E dentro dessa notoriedade nacional, justo é falar de Moura Lima, goiano de Itaberaí, nasceu no antigo engenho Capim Puba, na época município da Antiga Vila Boa (Goiás), mas , em razão da dificuldade de acesso, foi registrado em Itaberaí, o povoado de Capelinha (Heitoraí) estava nascendo, o calendário assinalava 2 de dezembro de 1950. Autor dos romances Serra dos Pilões, O Caminho das tropas – revoltosos, peões e boiadas,Chão das Carabinas,Negro d”Água, Mucunã e no livro Veredão, contos, agora em segunda edição. Embora tenha nascido e se criado em terras goianas, Moura Lima segue as mesmas pegadas de Eli Brasiliense que fez da região do Tocantins a sua saga literária. Acontece que, nascido em Porto Nacional, aquela época pertencente a Goiás, Eli se consagrou como escritor genuinamente goiano. Moura Lima segue o inverso. É goiano, mudou-se para o Norte de Goiás, e lá produziu sua obra literária, ainda no território goiano. Com o nascente Estado do Tocantins,Moura Lima, continuou a sua saga, vivendo, sentindo, pesquisando e registrando os fenômenos regionais, e tornou-se o escritor-referência do Estado, pela capacidade de transmitir, de passar ao leitor uma literatura rica em detalhes e palavras que não fazem mais parte da linguagem usual e eram usadas pelos caboclos, pelos homens do campo, num tempo em que o transporte se fazia no lombo dos muares. Esses detalhes foram objeto de estudo de dois dos maiores críticos da literatura brasileira, Assis Brasil e Clóvis Moura, em estudos sobre o romance Serra dos pilões. “Ele trabalha sobre a norma da língua – a norma cotidiana e comum – e, como artista, recria a sua própria linguagem e seu estilo”, diz Assis Brasil. Este livro, Veredão, prefaciado em primeira edição pelo então presidente da Academia Cearense de Letras, escritor e folclorista Eduardo Campos, não vai ficar somente nesta nova edição. É livro para a posteridade. Tem lugar garantido na estante da história. Lê-lo é inteirar-se de uma cultura que se evapora rapidamente, contaminada pelo vírus do progresso. O autor, ciente de sua função de escritor sério, engajado no processo criativo, procura trazer aos nosso dias aqueles momentos fantásticos, e até mitológicos, resgatando, com isso, um página inesquecível de nossos sertões, tão ser, tão nosso, preso às raízes de nosso sentimentos, como a história do Romãozinho e do Negro D’Água.

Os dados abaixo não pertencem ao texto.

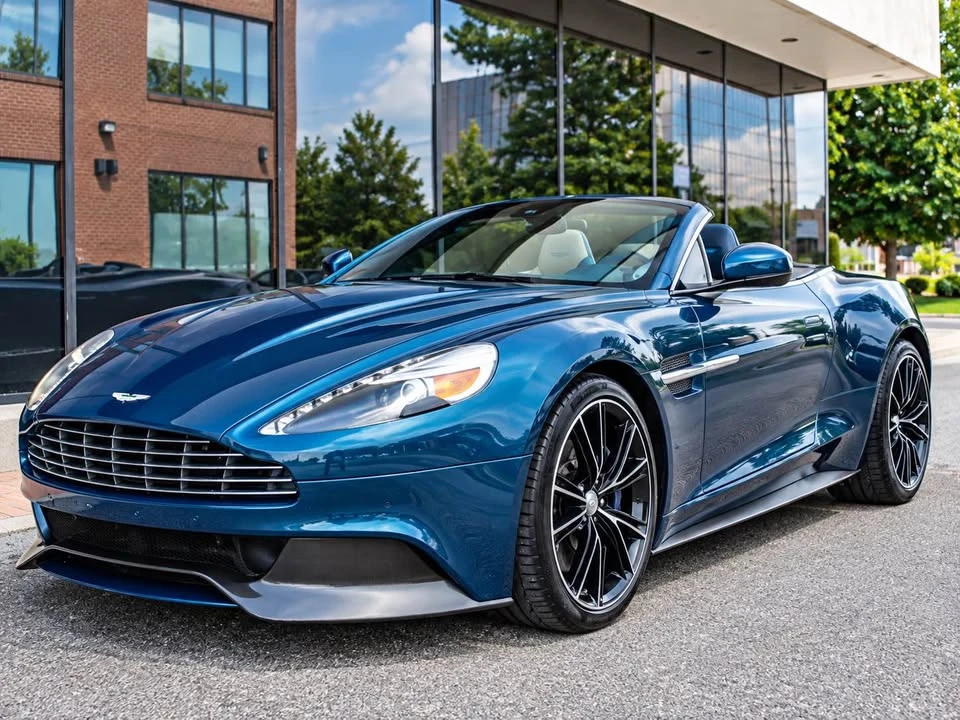 2024 Aston Martin Vanquish - Image 19 of 20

Em Veredão o leitor envereda pelos sertões do Tocantins, anda em tropas pelo Jalapão, ouve estórias sentimentais de Zé Cachoeira (que relembra a morte de Frei Gil Villanova), conhece lendas, folclore e grava na memória causos inesquecíveis, tendo sempre como cenário essa região que um dias pertenceu a Goiás. Daí, imagino, a facilidade e por que não dizer, fidelidade de Moura Lima à temática regional. Goiano, (veja, na página 135, Meu povo, minha terra), ele fala de sua formação cultural nas terras de Capelinha, hoje Heitoraí, e inteligente sabe explorar sua vivência de homem do campo, fazendo uma literatura rica em detalhes, carregada de metáforas e linguajar próprio, retirados sentimental do solo tocantinense.
Veredão segue o mesmo caminho de Serra dos Pilões, veio para ficar, será lido por todas as gerações. Representa a maturidade do escritor sempre fiel ao chão que lhe acaricia os pés, a esse sertão tão ser, tão nosso.
(Transcrito do Jornal “O Popular”)
*José Mendonça Teles, crítico literário, contista e ensaísta.